The U.S. Supreme Court upheld on Thursday a controversial Arizona state law that sanctions businesses that hire undocumented immigrants.

By a 5-3 vote, the justices rejected the arguments of companies, civil organizations and even the Obama administration and reopened the door to the implementation of the law, which entered into force in 2008 but had been suspended pending the court ruling.

The decision is the first one by the court regarding the package of measures against undocumented migrants pushed through in Arizona and one that, according to some analysts, could be a harbinger of the high court's ruling on the most controversial of those laws, SB 1070, which seeks to criminalize the undocumented.

Arizona Gov.

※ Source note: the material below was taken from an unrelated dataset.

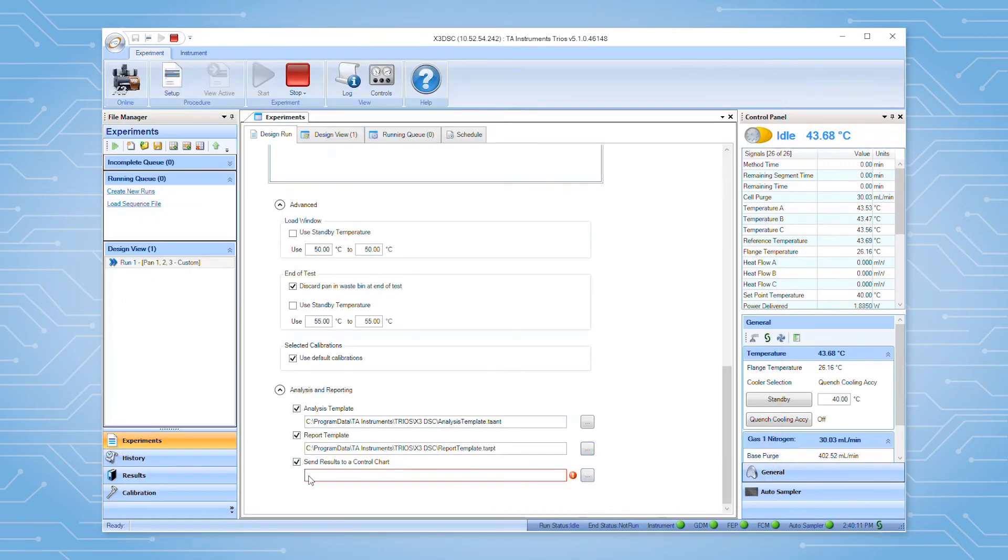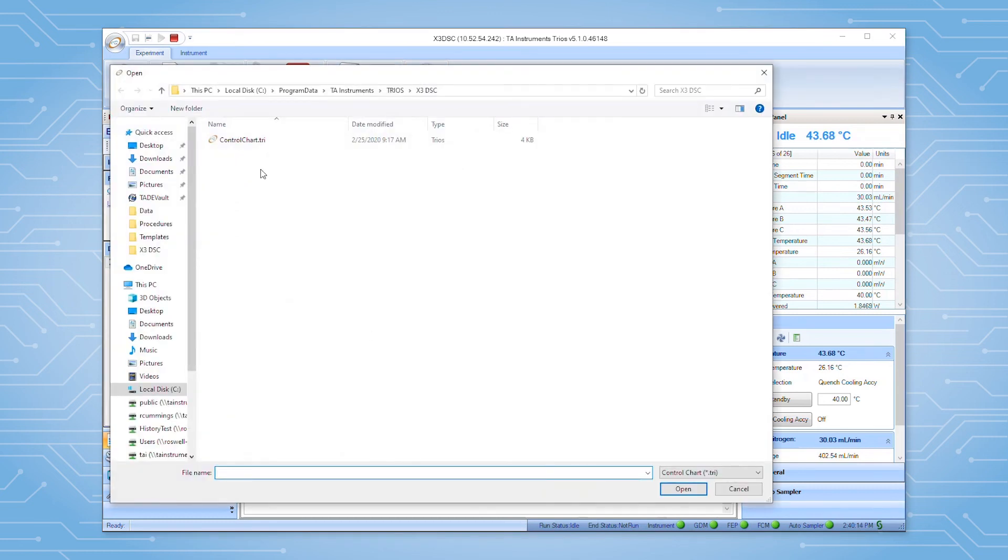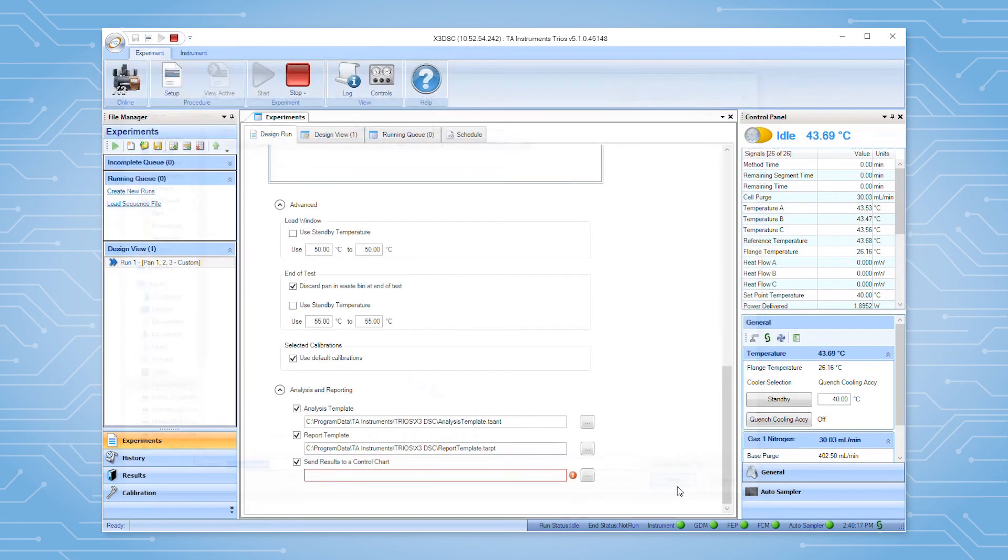Additionally, you may choose to send the analysis results to a control chart. Selecting these options instructs the software to automatically analyze the experimental data based on the information saved in the template files.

Jan Brewer announced two weeks ago that she will take her arguments to the high court for implementing SB 1070 in its entirety and without any of the restrictions imposed by a federal district court in Phoenix.

It is widely expected that the Supreme Court will ultimately address the constitutionality of SB 1070, which demands that state and local law enforcement officers verify the immigration status of anyone they suspect is an undocumented immigrant.

The ruling issued Thursday, written by Chief Justice John Roberts, said Arizona's law sanctioning employers does not violate federal immigration laws, contrary to claims by plaintiffs and the Justice Department.

The law authorizes Arizona district attorneys to take to court businessmen who knowingly hire undocumented workers.

Firms that violate the law run the risk of losing their operating licenses and even being shut down.

The Arizona legislation "falls well within the confines of the authority Congress chose to leave to the states," Roberts said in an opinion supported by Justices Antonin Scalia, Anthony Kennedy, Samuel Alito and Clarence Thomas.

In their dissent, Justices Sonia Sotomayor, Ruth Bader Ginsburg and Stephen Breyer warned that the measure could lead to "illegal discrimination" against U.S. citizens and legal residents who seem to be foreigners.

The ninth justice, Elena Kagan, recused herself because she was involved in the case during her tenure as President Barack Obama's solicitor general.

The lead plaintiff in the suit, the U.S. Chamber of Commerce, expressed disappointment with the ruling.

"The decision makes it all the more urgent for Congress to bring much-needed clarity to immigration law through legislative reform, including preemption of employment-related state immigration laws," said Robin Conrad, executive vice president of the National Chamber Litigation Center.

Arizona activists expressed their disappointment with the high court's ruling.

"This law has been a nightmare for many people, among them legal residents and citizens of this country, who have mistakenly been denied the right to work," Lydia Guzman, a representative for the Respect/Respeto organization in Arizona, told Efe.

In her opinion, the Supreme Court's ruling "will open" the door to more discrimination in the process of hiring employees.

Seven other states - Colorado, Mississippi, Missouri, Pennsylvania, Tennessee, Virginia and West Virginia - have approved employer sanction laws similar to Arizona's.